In an oddly unjust twist, most of the victims live in countries that discharge few greenhouse gasses. While Canada and the U.S., for instance, emit among the most GHG’s per capita, places like Bangladesh and Ethiopia are being hit hardest by climate change.

Despite a growing human toll and scientific consensus on climate change, the Harper Conservatives have pushed to grow the “carbon bomb.” This week they applauded a move by Australia’s new rightwing government to eliminate the country’s carbon tax. A Guardian headline noted, “Canada reveals climate stance with praise for Australian carbon tax repeal: Canada discourages other industrialized nations from following through on their own climate change commitments.”

At every turn, Harper’s government has blocked progress on setting minimally serious targets for reducing CO2 emissions. They made Canada the first country to withdraw from the Kyoto Protocol, an international agreement that commits the leading industrial economies to reducing their CO2 emissions below 1990 levels. For five years running they’ve received the Colossal Fossil given out by hundreds of environmental groups for being the country that’s done the most to undermine different international climate negotiations.

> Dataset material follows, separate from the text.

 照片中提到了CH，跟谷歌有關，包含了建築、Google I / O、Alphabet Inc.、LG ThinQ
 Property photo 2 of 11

In a bid to advance tar sands interests, Ottawa has lobbied aggressively against efforts to reduce carbon emissions from fuel sources. They’ve worked feverishly to undermine the European Union’s Fuel Quality Directive and have targeted California’s Low Carbon Fuel Standard and Section 526 of the U.S. Energy Security and Independence Act, which effectively forbids government agencies, including the heavy consuming U.S. military, from buying oil with a high carbon footprint.

In addition to undermining international climate negotiations and other countries’ modest efforts to reduce GHGs, the Conservatives are ignoring their own reduction commitments. In 2009 Ottawa committed to reducing carbon emissions 17 per cent by 2020 (from the level that existed in 2005). But now Environment Canada is admitting that there will only be a 3 per cent drop.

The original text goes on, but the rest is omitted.